Derive the expected value for a Pareto distribution?

The density is $$ f(x) = \frac{d}{dx} F(x) = \frac{d}{dx} \Pr(X\le x) = \frac{d}{dx} (1-\Pr(X> x)). $$ The expected value is $$ \int_1^\infty xf(x)\,dx. $$

Later addendum in response to comments:

In the posted question, we are told that for $x\ge 1$ we have $\Pr(X>x) = x^{-a}$. It follows that for $x=1$, $\Pr(X>x)=1^{-a}=1$, so this random variable is always $\ge 1$.

Above I wrote $\dfrac{d}{dx}(1-\Pr(X>x))$. Now we can see that that is equal to $$ \frac{d}{dx}(1-x^{-a}) = -(-ax^{-a-1}) = ax^{-a-1}. $$ Therefore this is the density on the interval $(1,\infty)$, and the density is $0$ everywhere else.

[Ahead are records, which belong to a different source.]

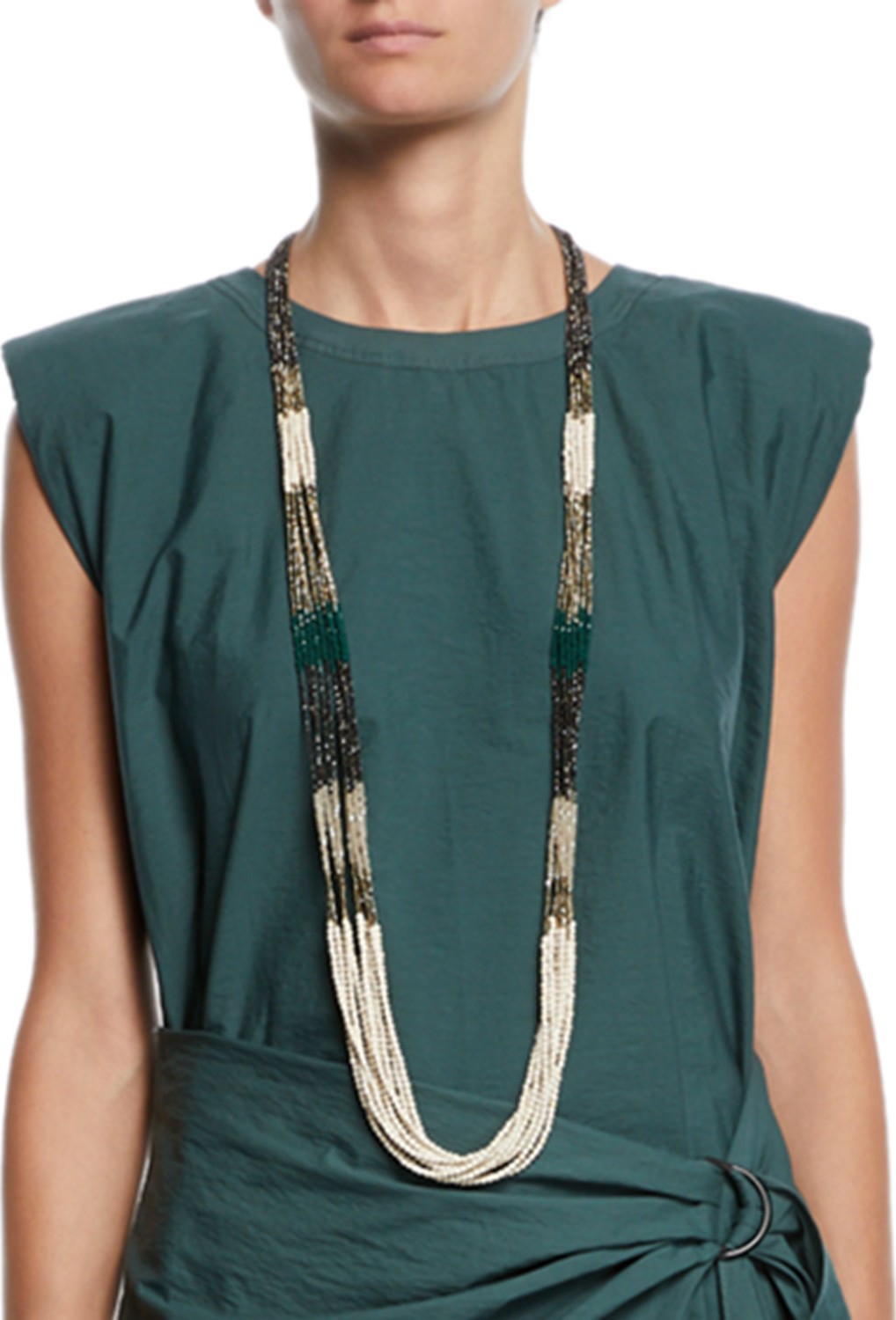 Brunello Cucinelli Long Stone & Glass Multi-Strand Necklace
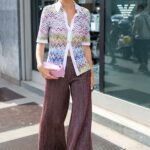 Alessandra Ambrosio in a Patterned Blouse Was Seen Out in Milan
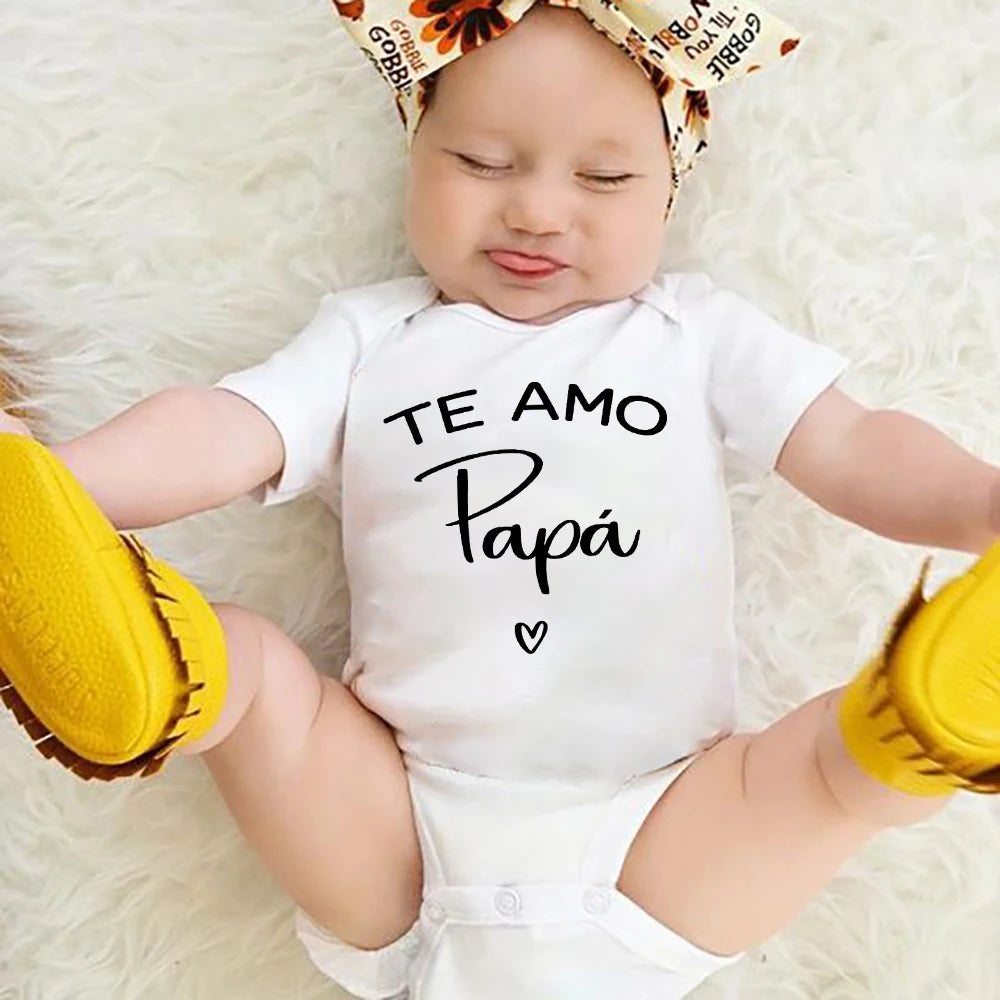 Te amo papá español divertido monos para bebé recién nacido niño niña pantalón corto Casual mono de manga trajes trajes ropa infantil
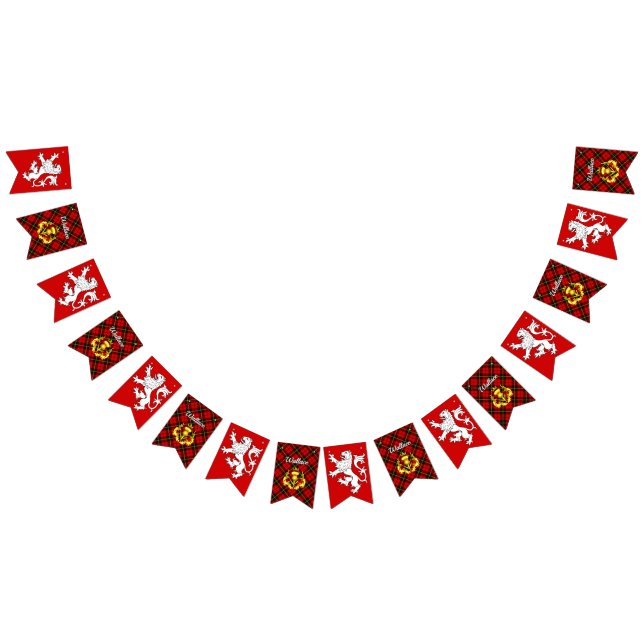 Wallace Coat of Arms Shield & Tartan  Bunting Flags (All)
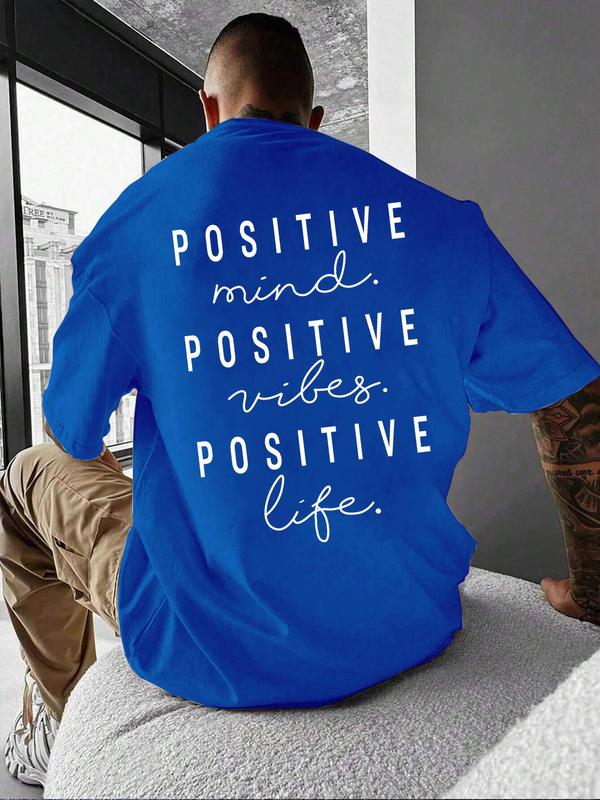 Unisex Men's Letter Print Drop Shoulder Tee, Men Graphic Tees, Regular Fit Casual Short Sleeve Round Neck T-shirt for Summer, Graphic Tees, Fashion Men's Streetwear for Daily Wear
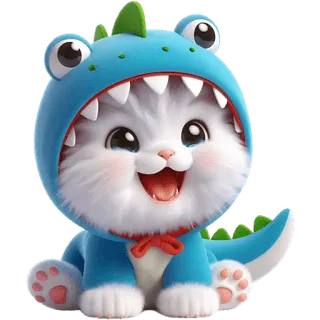 🤣 猫, 恐竜, コスチューム, 可愛い, 動物, ペット, 子猫, 漫画 telegram sticker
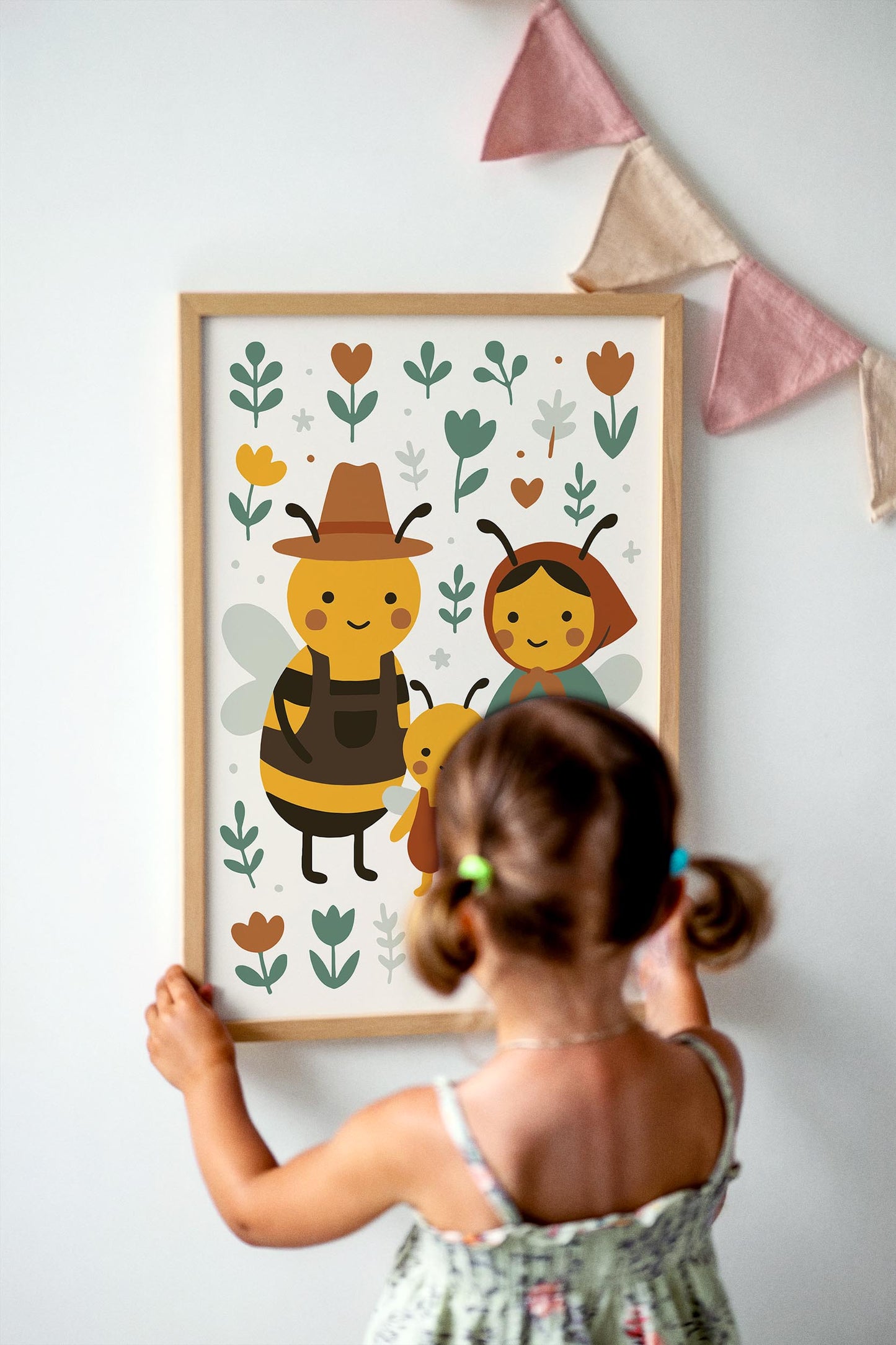 Bee Family Poster - Scandinavian Wall Art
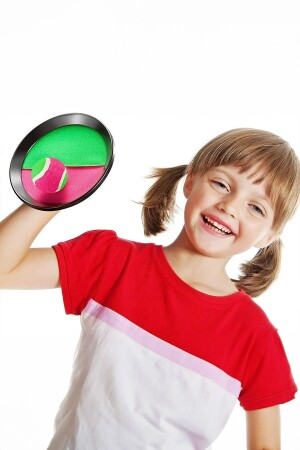 At tut Sert Cırtcıtlı Top Yakalama Oyun Seti Çocuk Oyun Eğlenceli Spor Oyuncak Play Tenisi - 6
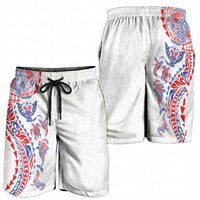Hawaiian Kakau Tribal Sea Animals Tattoos Shorts for Men Hawaii Flag Color Inspired LT03 - Polynesian Pride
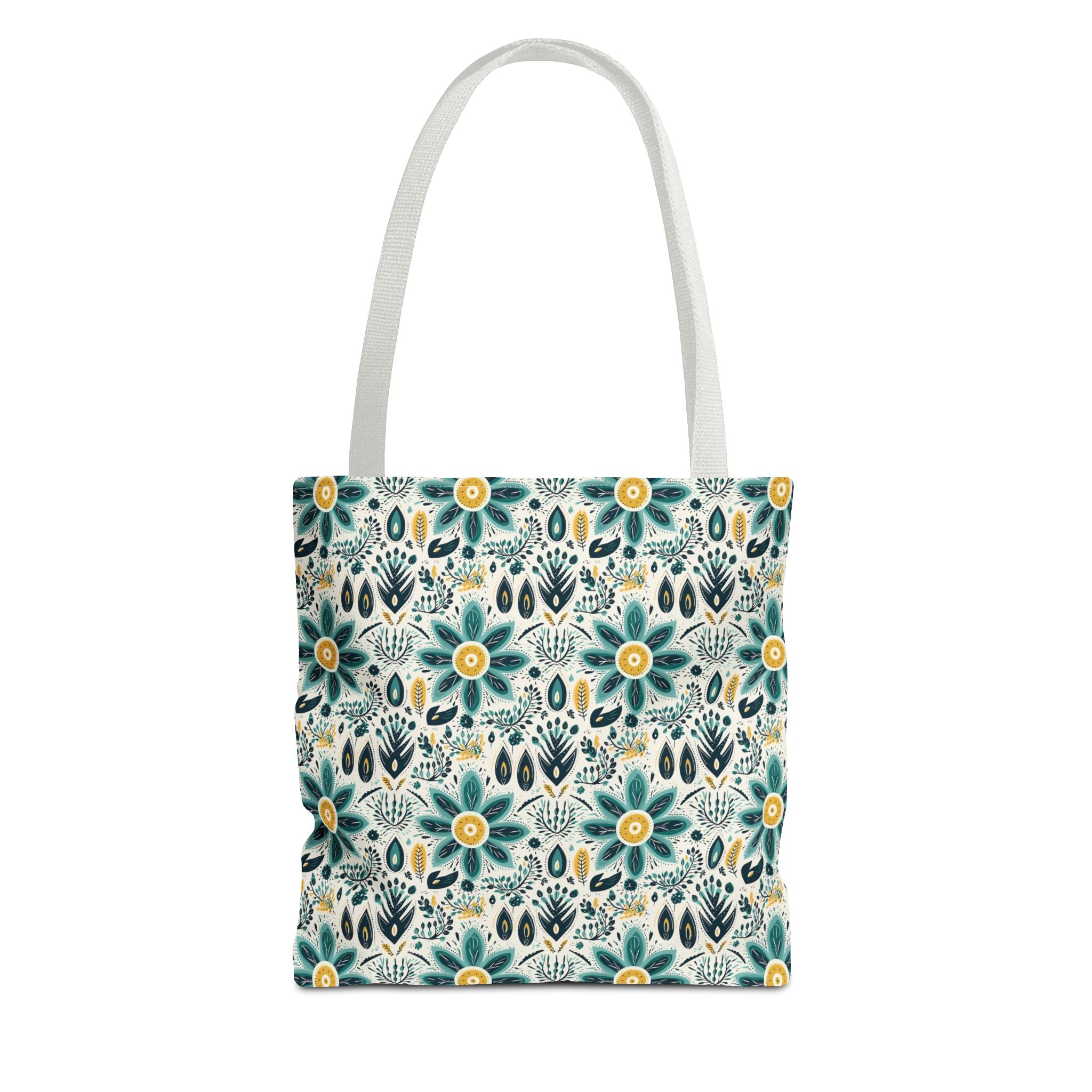 Sol y Alegría (Sun and Joy) Collection- Cactus Succulent Pattern Microfiber Blanket Soft Velveteen Throw for Home & Garden Lovers Floral Folk Art Tote Bag — Teal & Mustard All-Over Print - Creations by Chris and Carlos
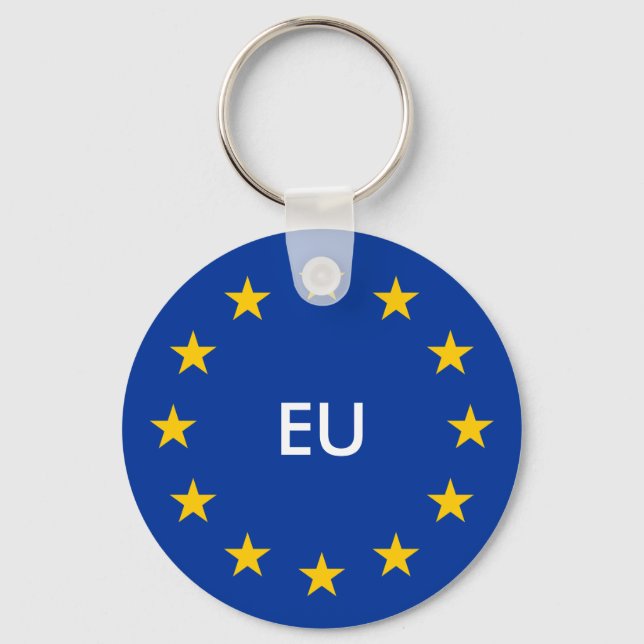 European Union EU flag keychains with custom text (Front)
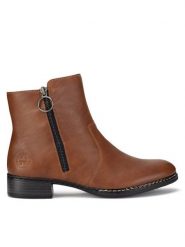 Rieker Botki 73450-22 Brązowy. Brązowe botki damskie Rieker, bez wzorów, ze skóry, bez obcasa, na płaskiej podeszwie, bez zapięcia. Za 271.00 zł.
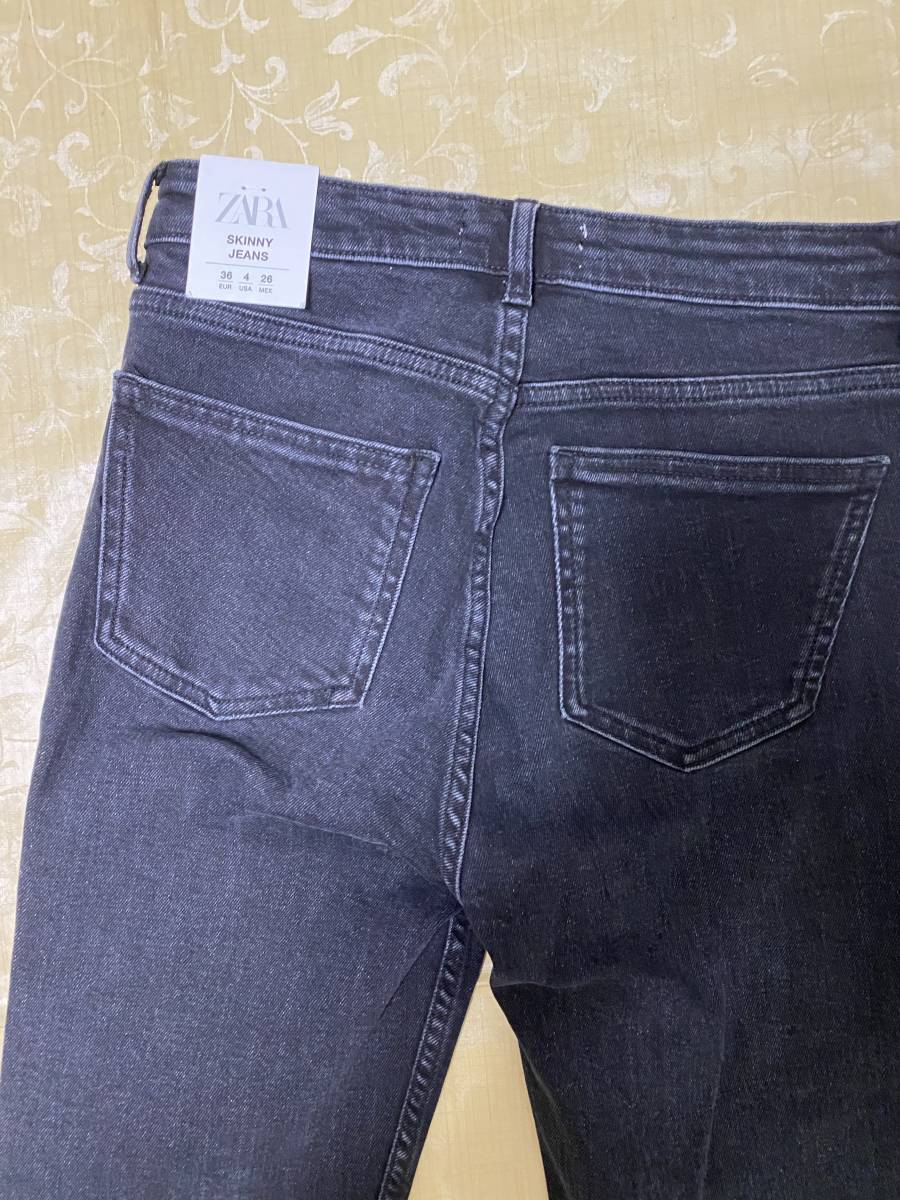 新品 ザラ　zara 36 ジーンズ　デニム　スキニー　ブラック_画像7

Thus the expected value is $$ \int_1^\infty xf(x)\,dx = \int_1^\infty x\,ax^{-a-1}\,dx = a\int_1^\infty x^{-a}\,dx $$ $$ =a\left[\frac{x^{-a+1}}{-a+1}\right]_1^\infty = 0 - a\left(\frac{1}{-a+1}\right) = \frac{a}{a-1}. $$

We evaluate the integral $$\int_0^\infty \Pr(X\gt x)\,dx$$ of the post.

Note that if $0\le x\lt 1$, then $\Pr(X\gt x)=1$. And if $x\ge 1$, then $\Pr(X\gt x)=x^{-a}$. Since $\Pr(X\gt x)$ is given by two different formulas, it is natural to break up the integral at $x=1$.

The integral of $\Pr(X\gt x)$, from $0$ to $1$, is $1$.

By a standard integral calculation, $$\int_1^\infty x^{-a}\,dx=\frac{1}{a-1}.$$ So $E(X)=1+\dfrac{1}{a-1}=\dfrac{a}{a-1}$.